Parboil a pint of oysters, skim out, drain, and cool. Chop coarsely. Mix with two hard- boiled eggs, chopped fine, two tablespoonfuls of bread-crumbs, salt, red pepper, and lemon-juice to season, and enough cream to make the mixture a smooth paste. Fill buttered oyster-shells with this mixture, cover with crumbs, dot with butter, and bake in a hot oven until brown.
OYSTERS IN BROWN SAUCE
Parboil a pint of oysters in their own liquor, skim out, and drain. Put into a saucepan one fourth cup butter, and cook until brown. Add one-fourth cup flour, and cook and stir until the mixture leaves the sides of the pan. Add one-half cup milk, one cup oyster liquor, one teaspoon anchovy paste, and salt and pepper to season. Cook until thick, add the oysters, reheat, and serve.

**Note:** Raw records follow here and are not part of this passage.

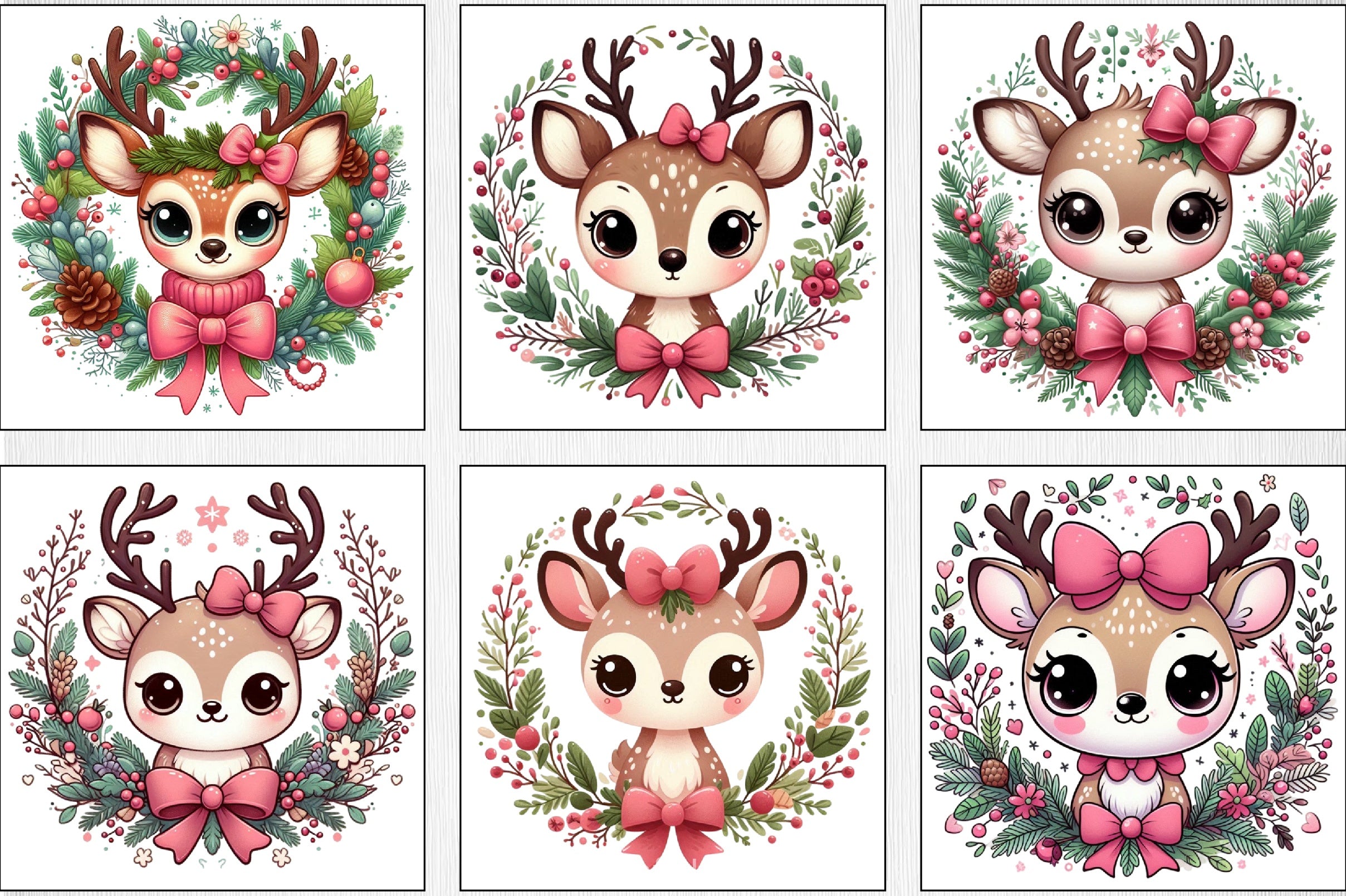 Christmas Reindeer Wreath Clipart Bundle - CraftNest - Digital Crafting and Art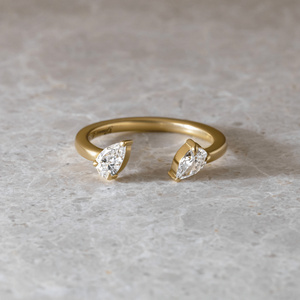EtherStar Jewels 0.6ctw Dual Pear Cut Lab Grown Diamond Luxury IGI Certified <b>Open</b> Cuff <b>Ring</b> 18K Yellow Gold Gap Band for Women - Product Image 1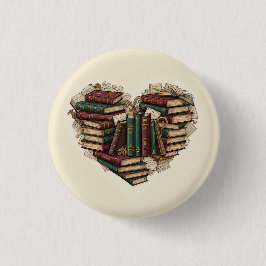 Boek Hart Knop | Vintage Esthetische Lezer Speld Ronde Button 3,2 Cm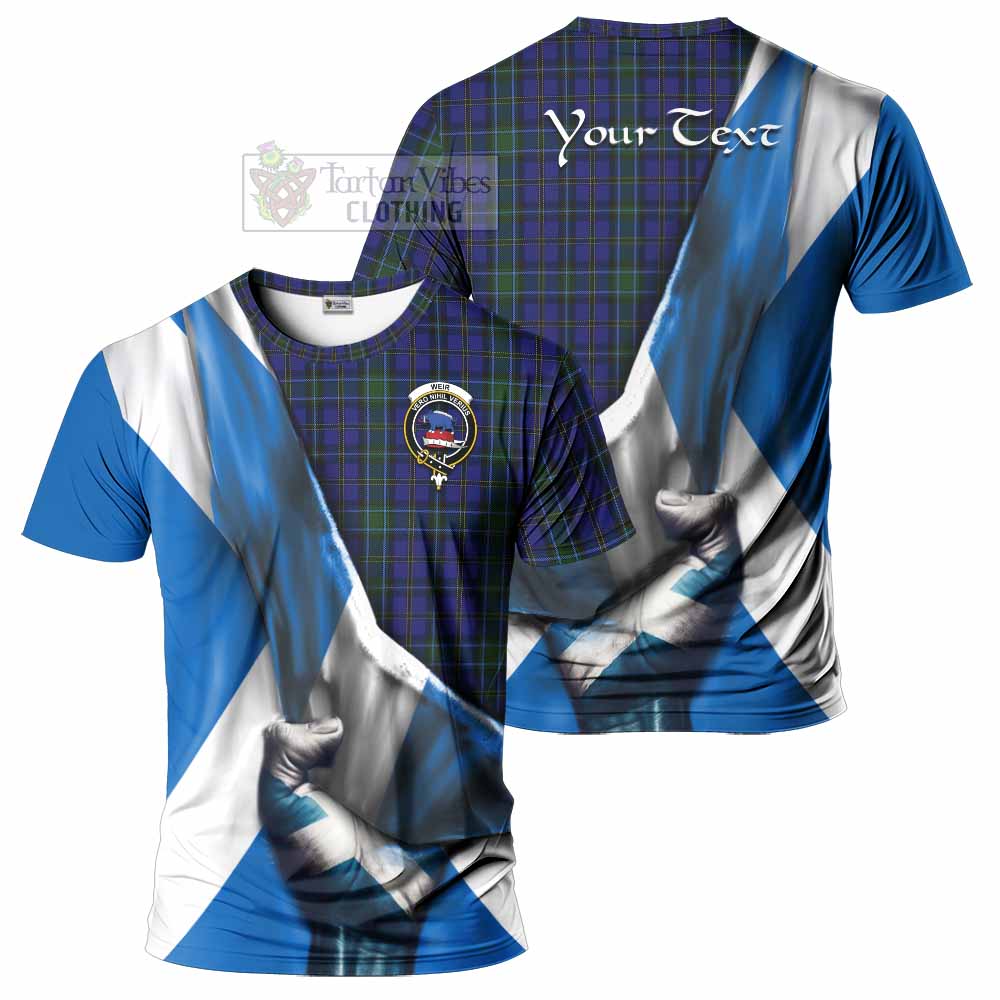 Tartan Vibes Clothing Weir Tartan T-Shirt with Family Crest Scotland Patriotic Style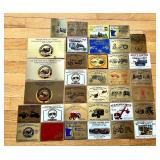 Collection of Antique Tractor and Machinery Show Brass Plaques and Badges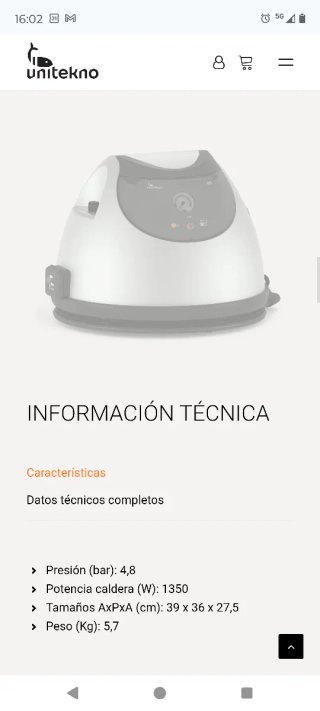 Vaporeta Unitekno 902 Digit Pro + Centro Plancha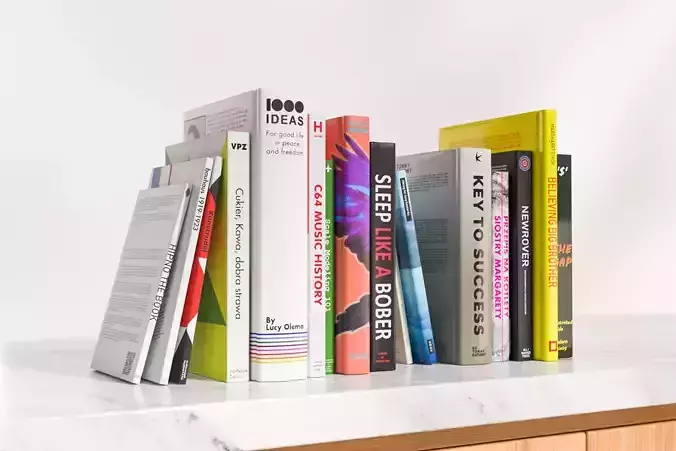 A group of fiction books 3D model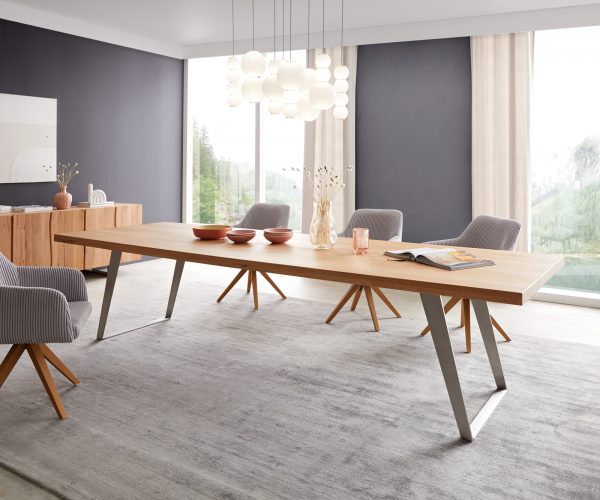 Jedálenský stôl Edge 300x100 cm prírodný dubový šikmý rám nerezová oceľ - Image 2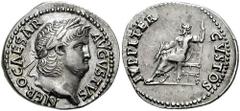 NERO. 54-68 AD. AR Denarius (3.39 gm). Rome mint. Struck 64-65 AD. Estimate $1500  NERO. 54-68 AD. AR Denarius (3.39 gm). Rome mint. Struck 64-65 AD. Laureate head right / Jupiter seated left, holding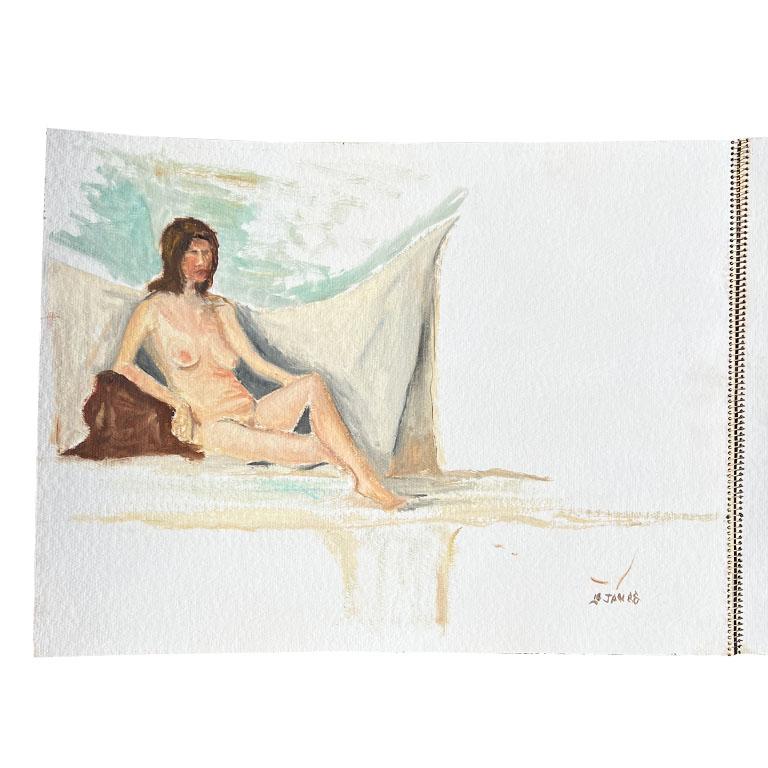 Sourced from the estate of the late Oklahoma artist Clair Seglam. An airforce man for most of his life, Seglem only began painting after his retirement. Most known for his vibrant portraits and nudes, he completed a vast portfolio of work before he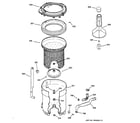 Hotpoint VBXR1090B4CC tub, basket & agitator diagram
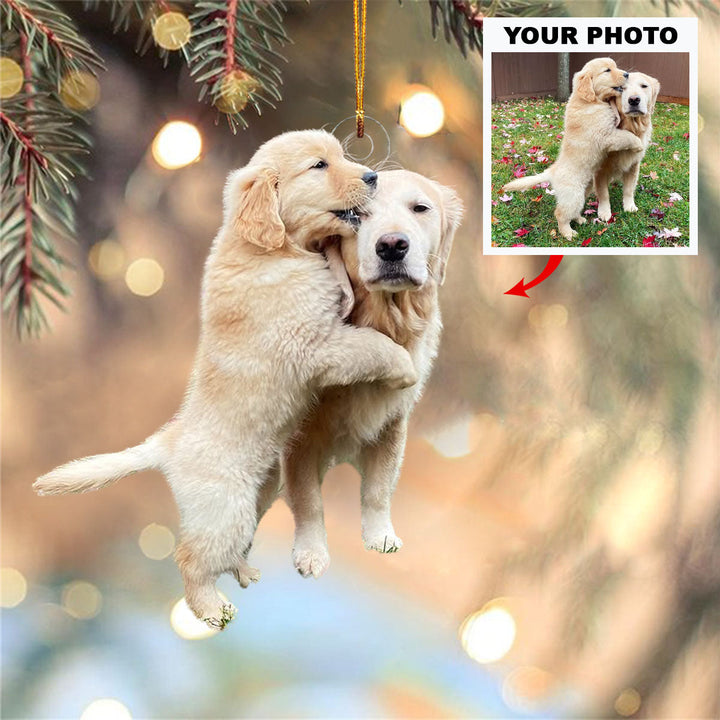Puppy Kisses - Personalized Photo Mica Ornament - Christmas Gift For Pet Lovers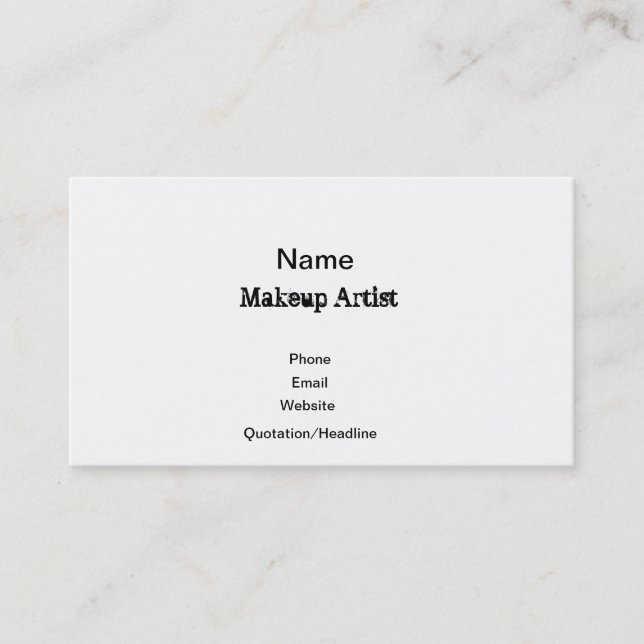 Tarjeta de visita del artista de maquillaje - (Anverso)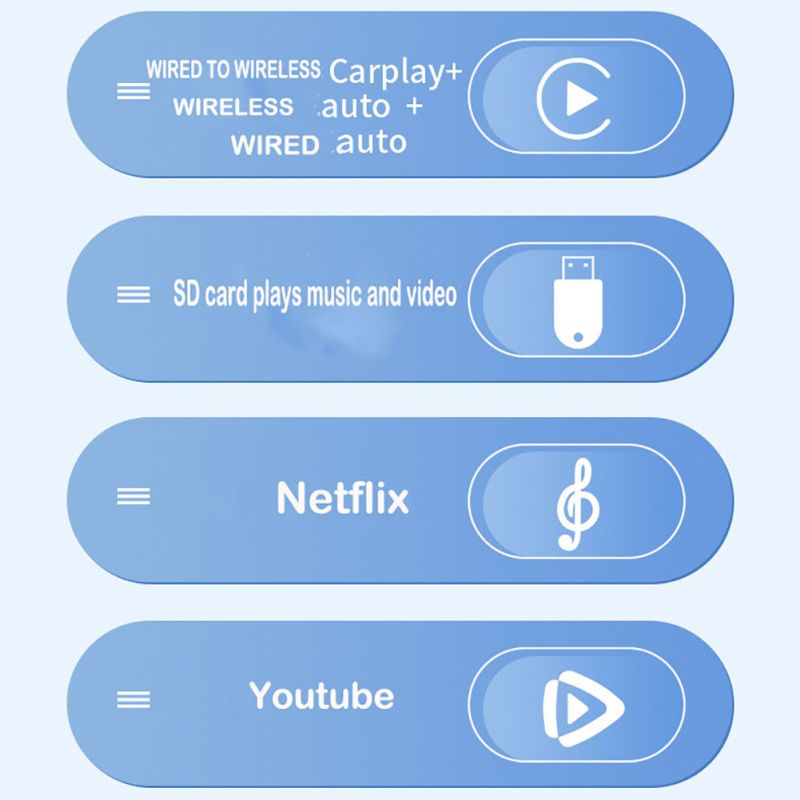 Carplay Box Adattatore Wireless Android Auto per Netflix YouTube Sistema di Intrattenimento Auto Accessori per Viaggi su Strada e Sincronizzazione App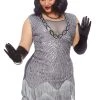Leg Avenue Roaring Roxy 1920's Silver Sequin Curvy Gatsby Flapper Costume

Put into a glass two teaspoons lemon-juice, two drops of tabasco sauce, half a teaspoon of Worcestershire, two teaspoons tomato catsup, a pinch of salt, and a saltspoon of paprika. Mix thoroughly and add five or six small fresh oysters. Let stand for five minutes, and serve very cold.
Drain one quart of oysters and put the liquor to heat in a saucepan. Add one cup cream, and salt and red pepper to taste. Bring to the boil, add two tablespoons butter, and thicken with one teaspoon flour rubbed smooth in a little cold milk. Cook and stir until it thickens. Add the oysters, simmer until the edges curl and take from the fire. Add the juice of half a lemon, and pour over thin slices of the buttered toast.
TO PICKLE OYSTERS
Blanch the oysters and strain off the liquor. Wash the oysters in three or four waters. Put them into a stewpan with their liquor and half a pint of white wine vinegar, two onions sliced thin, a little parsley and thyme, a blade of mace, six cloves, Jamaica pepper, a dozen corns of white pepper, and salt according to your taste. Boil up two or three minutes, let them stand till cold, then put them into a dish, and pour the liquor over them.